**Available data:**
▼▼▼

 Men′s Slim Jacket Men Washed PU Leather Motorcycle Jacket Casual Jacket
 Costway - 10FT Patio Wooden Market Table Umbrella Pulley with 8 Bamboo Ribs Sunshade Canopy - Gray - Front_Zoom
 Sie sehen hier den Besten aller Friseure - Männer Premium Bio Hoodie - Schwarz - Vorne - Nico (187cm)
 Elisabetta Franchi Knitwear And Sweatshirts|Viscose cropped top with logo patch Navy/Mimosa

▲▲▲
▼▼▼

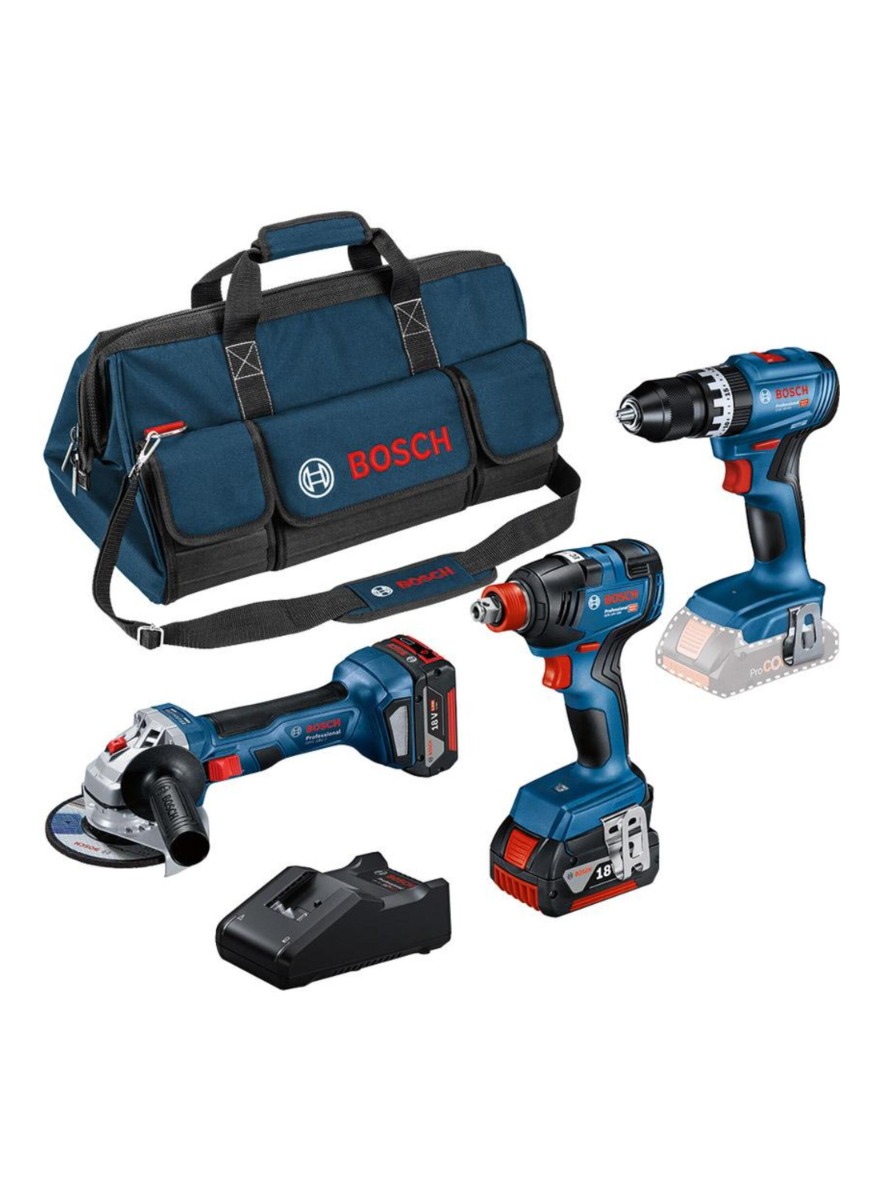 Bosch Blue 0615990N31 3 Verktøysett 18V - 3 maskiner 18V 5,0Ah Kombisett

▲▲▲

Reproduce exactly the section above that begins at the line containing "Men′s Slim Jacket" and ends at the line containing "Elisabetta Franchi Knitwear", leaving out all other lines.

 Men′s Slim Jacket Men Washed PU Leather Motorcycle Jacket Casual Jacket
 Costway - 10FT Patio Wooden Market Table Umbrella Pulley with 8 Bamboo Ribs Sunshade Canopy - Gray - Front_Zoom
 Sie sehen hier den Besten aller Friseure - Männer Premium Bio Hoodie - Schwarz - Vorne - Nico (187cm)
 Elisabetta Franchi Knitwear And Sweatshirts|Viscose cropped top with logo patch Navy/Mimosa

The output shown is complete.